Apparel classified as Class 3 must meet specific design standards to provide workers with enough increased visibility to allow them to work safely on roadways. Workers who make use of Class 3 apparel include but are not limited to roadway construction workers and crossing guards. When used correctly, Class 3 apparel is recognized by OSHA and the Federal Highway Safety Administration (FHSA) as a way for employers and employees to meet the minimum worker visibility obligations necessary to comply with relevant safe workplace regulations.

Safeopedia Explains Class 3 High-Visibility Apparel

The visibility criteria that Class 3 high-visibility apparel must meet are governed by ANSI/ISEA standard 107-2015, which describes a number of criteria for different types of high-visibility apparel. The two other primary apparel performance classes are Class 1 and Class 2. Class 3 apparel provides a higher level of visibility than Class 1 and Class 2, and it is necessary for use in roadway situations that are high-hazard or where danger is increased due to particularly low visibility (e.g. due to rainfall).
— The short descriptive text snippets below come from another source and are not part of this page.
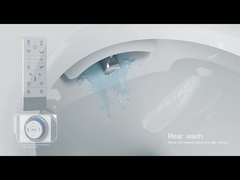 Easy Installation Sanitary Ware Close Stool Bowl Heating Toilet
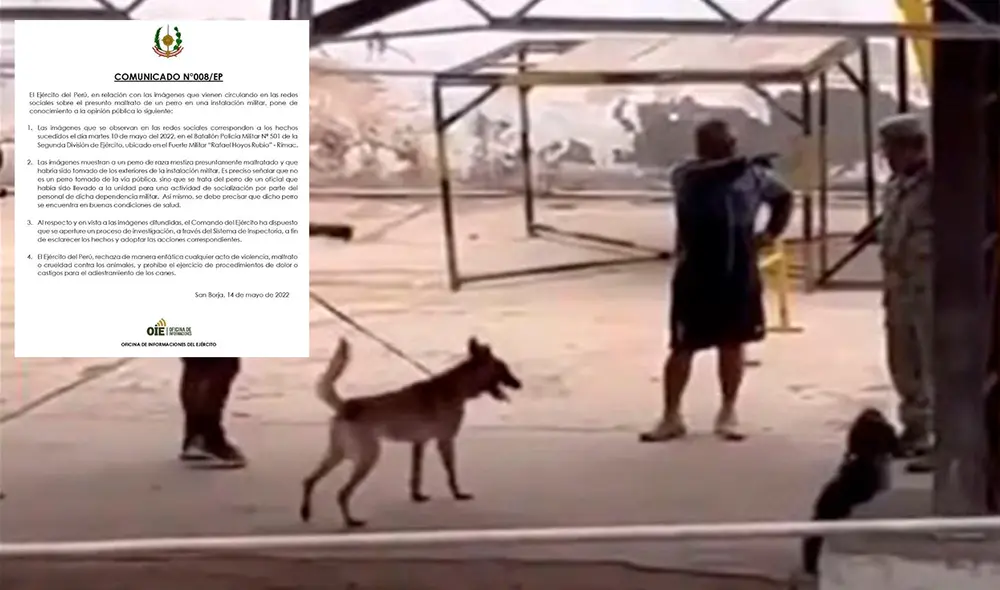 De acuerdo al comunicado, el perro se encuentra en buenas condiciones de salud. Foto: composición LR/ difusión/ Oficina de Informaciones del Ejército De acuerdo al comunicado, el perro se encuentra en buenas condiciones de salud. Foto: composición LR/ difusión/ Oficina de Informaciones del Ejército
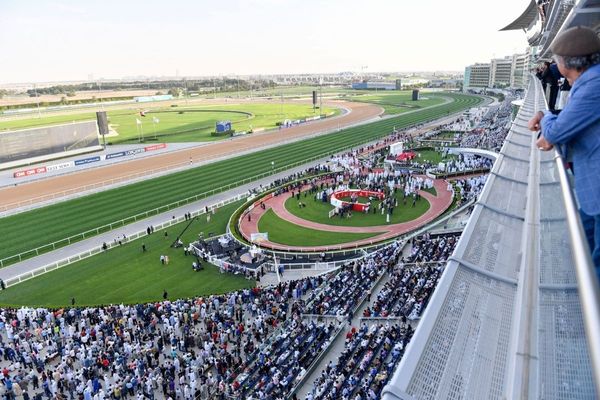Over 750 Horses Nominated for 26th Dubai World Cup Meet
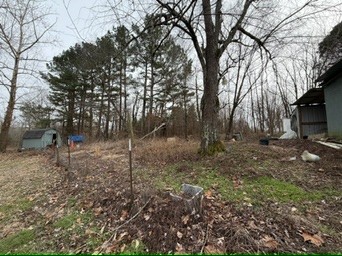 9830 Caneyville Road Morgantown, KY 42261 - Photo 21 of 36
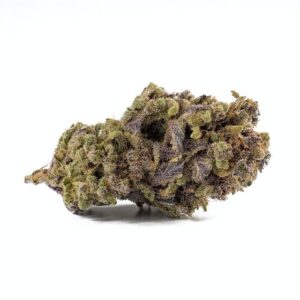 chocolate thai cannabis strain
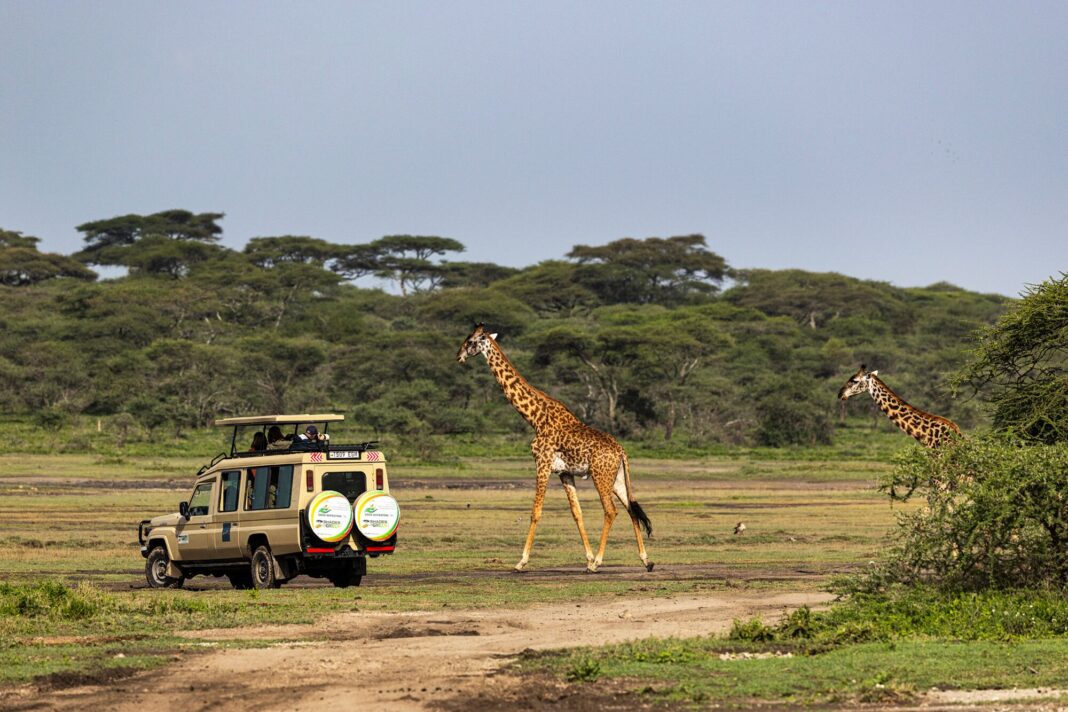 Grupo de viajeros en vehículo de safari observando la fauna en las planicies del Serengeti, Tanzania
Under the ANSI/ISEA standard, Class 3 apparel may be classified as either Type R or Type P apparel. Type R apparel is suitable for workers doing routine work in roadway situations. Type P apparel is used by public safety workers such as emergency responders, firefighters, and other acute incident response personnel whose duties may make it practical for them to wear apparel that cannot fit within the Type R classification. A Class 3 rating for apparel may also be achieved by combining Class 2 apparel (e.g. a Class 2 vest) with supplemental Class E apparel (e.g. high-visibility pants).

The ANSI standard distinguishes Type R and Type P Class 3 apparel based on the amount of background material required to offset the visibility-increasing material (e.g. the reflective material). Type R apparel must have 1,240 square inches of background fabric, while Type P apparel only requires 775 square inches of background fabric.